The Bloomberg ESG score for companies that issued sustainable bonds was higher on average than non-issuers, based on our analysis of the Bloomberg US Corporate Bond Index. The total return of sustainable-debt issuers year-to-date was also better for most sectors than conventional bonds — a trend we anticipate to continue. Further analysis of the individual pillars resulted in better environmental and social pillar scores.
 Sustainable bonds performed better in eight sectors
We look for continued strong performance of sustainable debt as robust demand — especially for new issuers — and stickier money should support the market. The technology and materials sectors led sustainable debt, as eight of 10 sectors that issue such bonds saw stronger average performance than conventional bonds. Year to date, the performance of all sustainable bonds trailed non-sustainable debt issuers, mostly due to weaker performance of utilities and financials, which have more sustainable issuance than other sectors and underperformed. Over the past 12 months, we find six of 10 sectors with higher or equal performance for issuers of sustainable bonds. The materials sector fared best and utilities worst.
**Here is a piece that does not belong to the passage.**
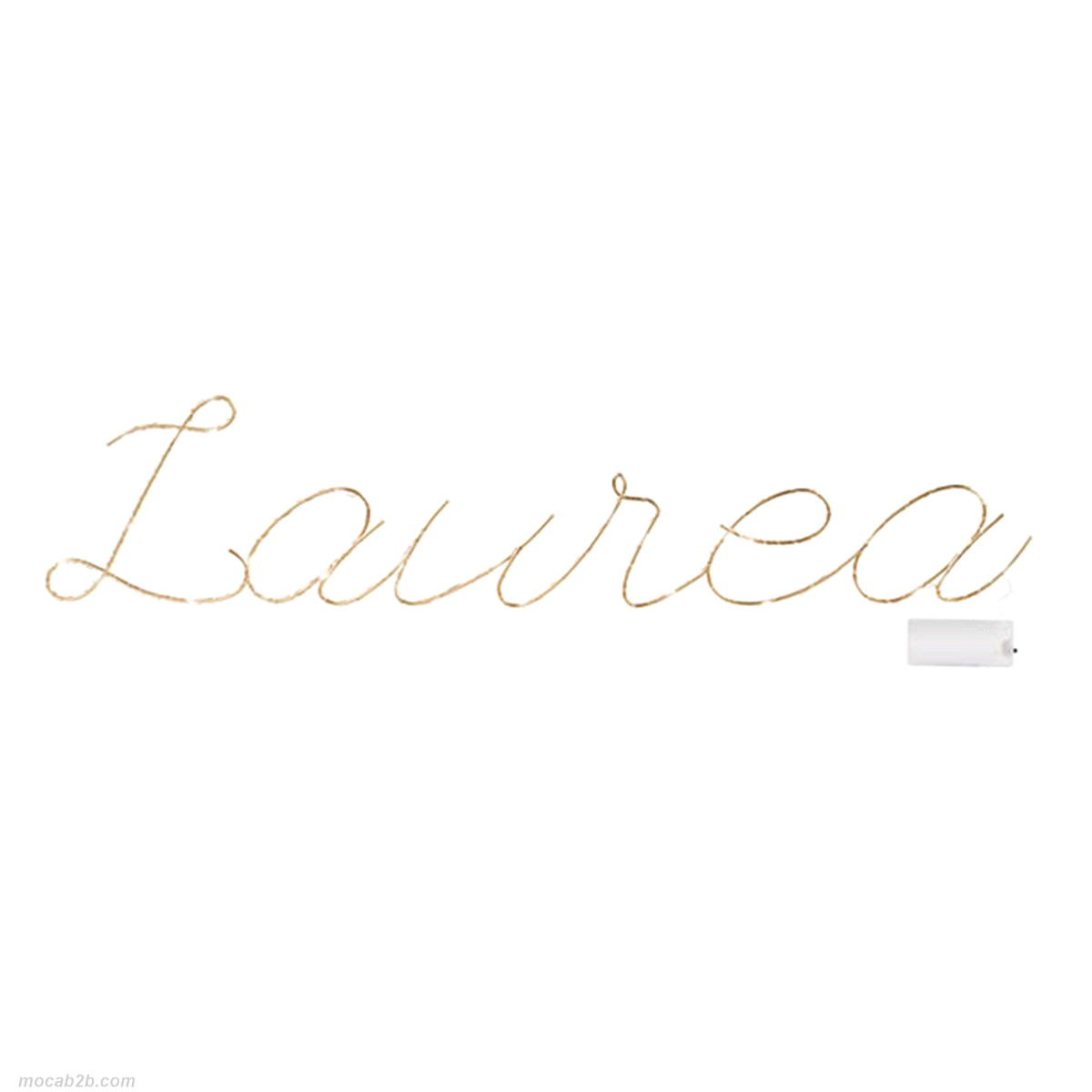 SCRITTA LAUREA LED 72,5 x 15 cm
Financials, tech bond issuers show better ESG scores
ESG scores for sustainable bond issuers were higher on average than for companies that didn’t sell that type of debt. The average ESG score was nearly 0.5 of a point higher for issuers of sustainable bonds at 4.93 vs. 4.46 for conventional issuers, based on analysis of the Bloomberg US Corporate Bond Index. We also found six of 10 sectors reflecting this relationship, with financials more than 1 point higher and technology at 0.7 point higher. Of the four sectors that didn’t have higher scores for sustainable bond issuers, materials was the lowest, with an ESG score 0.4 point lower than conventional issuers.
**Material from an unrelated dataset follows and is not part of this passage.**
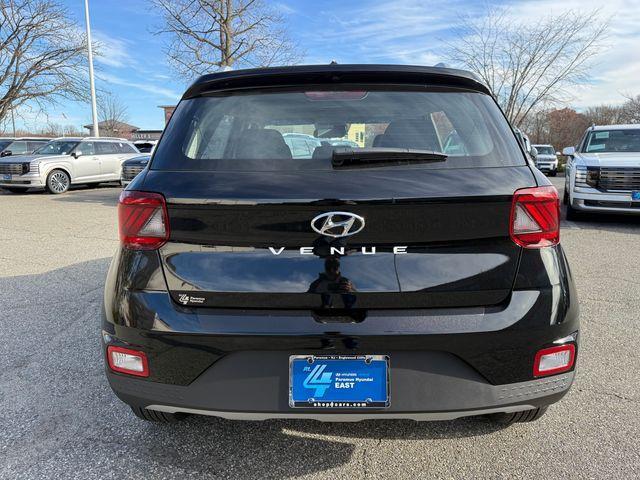 new 2026 Hyundai Venue car, priced at $24,940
Stronger E scores for ESG bond issuers
Financials and industrials top the list of sectors with better environmental pillar scores for sustainable-bond issuers. Seven of 10 sectors show higher average E scores for issuers of sustainable bonds than for non-issuers. Sustainable-bond companies in the financial sector have an average E score almost 2 points higher than conventional issuers. The materials sector shows the weakest comparative average E score of sustainable-bond issuers to non-issuers, at 0.87 point lower.

Sustainable bond issuers have higher average S score
The average social-pillar score for sustainable debt issuers is 0.64 point higher than for conventional issuers from the Bloomberg US Corporate Bond Index. As we break down further by sectors, there’s an even split, with five sectors that have higher S scores and five sectors with lower S scores for ESG bond issuers. The sustainable-bond issuers from the financial sector are a strong performer, with a social score 1.2 points better than non-issuers.

G scores stronger for ESG bond issuers in five sectors
Stronger governance-pillar scores were reflected by issuers of sustainable bonds across five sectors, though the range was tighter for governance than the other pillars. For all issuers, the G scores were almost the same, with an average of 7.2 for sustainable bond issuers and 7.16 for conventional issuers. Energy, technology and communications represented the top three sectors in which sustainable-bond issuers had higher G scores than non-sustainable bond issuers. Consumer staples had the largest difference in average G score, with conventional issuers showing the higher score, on average.